=== Exercise brief ===
Copy exactly the stretch of data below from the line with "22. Soft Neutral" through the line with "a living room", including both of those lines.
--------
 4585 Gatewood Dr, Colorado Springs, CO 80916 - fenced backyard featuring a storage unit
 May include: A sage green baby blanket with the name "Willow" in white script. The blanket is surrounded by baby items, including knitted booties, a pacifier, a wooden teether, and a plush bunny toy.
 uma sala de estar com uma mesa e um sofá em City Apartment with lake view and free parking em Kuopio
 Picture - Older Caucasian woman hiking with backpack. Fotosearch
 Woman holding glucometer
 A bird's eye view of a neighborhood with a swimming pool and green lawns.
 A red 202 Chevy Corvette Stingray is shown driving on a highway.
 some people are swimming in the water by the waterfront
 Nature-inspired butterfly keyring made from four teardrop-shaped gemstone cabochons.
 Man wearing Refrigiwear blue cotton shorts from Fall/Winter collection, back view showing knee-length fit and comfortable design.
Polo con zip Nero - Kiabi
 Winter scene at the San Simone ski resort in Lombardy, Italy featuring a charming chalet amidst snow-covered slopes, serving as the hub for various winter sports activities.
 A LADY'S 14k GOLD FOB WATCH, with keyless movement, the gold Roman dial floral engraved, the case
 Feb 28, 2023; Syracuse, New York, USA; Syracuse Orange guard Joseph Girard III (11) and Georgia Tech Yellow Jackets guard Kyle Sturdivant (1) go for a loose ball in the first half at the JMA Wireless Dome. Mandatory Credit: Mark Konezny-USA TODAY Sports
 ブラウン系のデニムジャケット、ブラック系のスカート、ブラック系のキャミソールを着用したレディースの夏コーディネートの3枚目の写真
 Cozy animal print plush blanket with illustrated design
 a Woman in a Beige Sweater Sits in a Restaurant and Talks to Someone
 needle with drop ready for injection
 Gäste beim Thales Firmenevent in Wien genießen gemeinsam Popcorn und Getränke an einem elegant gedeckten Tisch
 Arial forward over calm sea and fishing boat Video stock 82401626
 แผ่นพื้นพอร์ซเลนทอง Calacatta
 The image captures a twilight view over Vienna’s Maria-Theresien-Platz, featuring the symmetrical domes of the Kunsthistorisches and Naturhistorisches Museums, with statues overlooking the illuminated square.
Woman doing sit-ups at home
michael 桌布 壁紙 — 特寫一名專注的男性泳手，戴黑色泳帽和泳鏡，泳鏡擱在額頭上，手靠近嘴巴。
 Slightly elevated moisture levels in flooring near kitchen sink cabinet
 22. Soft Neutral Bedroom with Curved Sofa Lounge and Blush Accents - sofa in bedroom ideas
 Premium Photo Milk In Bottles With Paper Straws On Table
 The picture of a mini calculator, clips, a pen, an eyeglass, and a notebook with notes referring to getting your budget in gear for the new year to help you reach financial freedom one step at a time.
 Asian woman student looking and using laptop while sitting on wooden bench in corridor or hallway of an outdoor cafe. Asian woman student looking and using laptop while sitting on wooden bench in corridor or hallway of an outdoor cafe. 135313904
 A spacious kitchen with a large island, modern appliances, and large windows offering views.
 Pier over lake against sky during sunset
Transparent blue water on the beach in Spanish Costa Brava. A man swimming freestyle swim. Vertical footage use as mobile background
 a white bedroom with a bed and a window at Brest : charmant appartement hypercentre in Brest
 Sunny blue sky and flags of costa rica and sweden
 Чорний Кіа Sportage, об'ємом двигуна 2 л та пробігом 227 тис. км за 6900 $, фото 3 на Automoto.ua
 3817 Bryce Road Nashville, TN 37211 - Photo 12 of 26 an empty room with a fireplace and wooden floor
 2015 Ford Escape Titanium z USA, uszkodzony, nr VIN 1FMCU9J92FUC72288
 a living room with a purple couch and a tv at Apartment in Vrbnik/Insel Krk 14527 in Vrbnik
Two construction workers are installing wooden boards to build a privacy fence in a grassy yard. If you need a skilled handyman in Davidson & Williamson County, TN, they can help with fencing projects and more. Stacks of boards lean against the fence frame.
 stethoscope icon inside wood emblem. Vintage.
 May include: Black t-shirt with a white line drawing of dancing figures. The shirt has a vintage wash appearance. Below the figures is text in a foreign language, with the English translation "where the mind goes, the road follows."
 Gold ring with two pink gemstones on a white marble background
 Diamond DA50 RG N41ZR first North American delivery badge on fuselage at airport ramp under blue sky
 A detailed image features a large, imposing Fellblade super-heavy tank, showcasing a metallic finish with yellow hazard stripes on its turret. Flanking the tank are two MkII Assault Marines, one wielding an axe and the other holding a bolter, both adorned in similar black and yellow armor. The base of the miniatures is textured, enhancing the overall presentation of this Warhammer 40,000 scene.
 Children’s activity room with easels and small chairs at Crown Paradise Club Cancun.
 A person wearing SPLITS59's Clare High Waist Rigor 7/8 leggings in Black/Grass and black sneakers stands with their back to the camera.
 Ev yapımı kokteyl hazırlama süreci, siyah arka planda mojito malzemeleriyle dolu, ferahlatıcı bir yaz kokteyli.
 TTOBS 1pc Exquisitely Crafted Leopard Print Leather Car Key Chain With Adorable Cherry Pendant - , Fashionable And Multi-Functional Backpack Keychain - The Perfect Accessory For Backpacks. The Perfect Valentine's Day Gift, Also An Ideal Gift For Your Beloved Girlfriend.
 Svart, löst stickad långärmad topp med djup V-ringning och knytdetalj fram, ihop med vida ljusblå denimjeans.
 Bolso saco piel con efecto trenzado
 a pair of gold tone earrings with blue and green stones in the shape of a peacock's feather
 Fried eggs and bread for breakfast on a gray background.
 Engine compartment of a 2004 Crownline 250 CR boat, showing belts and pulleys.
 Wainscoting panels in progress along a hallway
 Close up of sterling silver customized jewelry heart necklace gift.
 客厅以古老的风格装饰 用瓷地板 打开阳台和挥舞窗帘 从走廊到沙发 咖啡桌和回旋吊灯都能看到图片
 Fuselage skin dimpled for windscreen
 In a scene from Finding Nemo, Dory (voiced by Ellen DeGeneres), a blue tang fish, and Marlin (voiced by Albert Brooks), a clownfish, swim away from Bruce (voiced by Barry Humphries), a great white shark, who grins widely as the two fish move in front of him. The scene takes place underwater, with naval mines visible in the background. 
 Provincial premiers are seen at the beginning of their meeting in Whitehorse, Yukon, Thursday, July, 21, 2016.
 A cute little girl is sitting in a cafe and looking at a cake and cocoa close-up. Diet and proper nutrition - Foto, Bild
--------
=== Response to this exercise ===
 22. Soft Neutral Bedroom with Curved Sofa Lounge and Blush Accents - sofa in bedroom ideas
 Premium Photo Milk In Bottles With Paper Straws On Table
 The picture of a mini calculator, clips, a pen, an eyeglass, and a notebook with notes referring to getting your budget in gear for the new year to help you reach financial freedom one step at a time.
 Asian woman student looking and using laptop while sitting on wooden bench in corridor or hallway of an outdoor cafe. Asian woman student looking and using laptop while sitting on wooden bench in corridor or hallway of an outdoor cafe. 135313904
 A spacious kitchen with a large island, modern appliances, and large windows offering views.
 Pier over lake against sky during sunset
Transparent blue water on the beach in Spanish Costa Brava. A man swimming freestyle swim. Vertical footage use as mobile background
 a white bedroom with a bed and a window at Brest : charmant appartement hypercentre in Brest
 Sunny blue sky and flags of costa rica and sweden
 Чорний Кіа Sportage, об'ємом двигуна 2 л та пробігом 227 тис. км за 6900 $, фото 3 на Automoto.ua
 3817 Bryce Road Nashville, TN 37211 - Photo 12 of 26 an empty room with a fireplace and wooden floor
 2015 Ford Escape Titanium z USA, uszkodzony, nr VIN 1FMCU9J92FUC72288
 a living room with a purple couch and a tv at Apartment in Vrbnik/Insel Krk 14527 in Vrbnik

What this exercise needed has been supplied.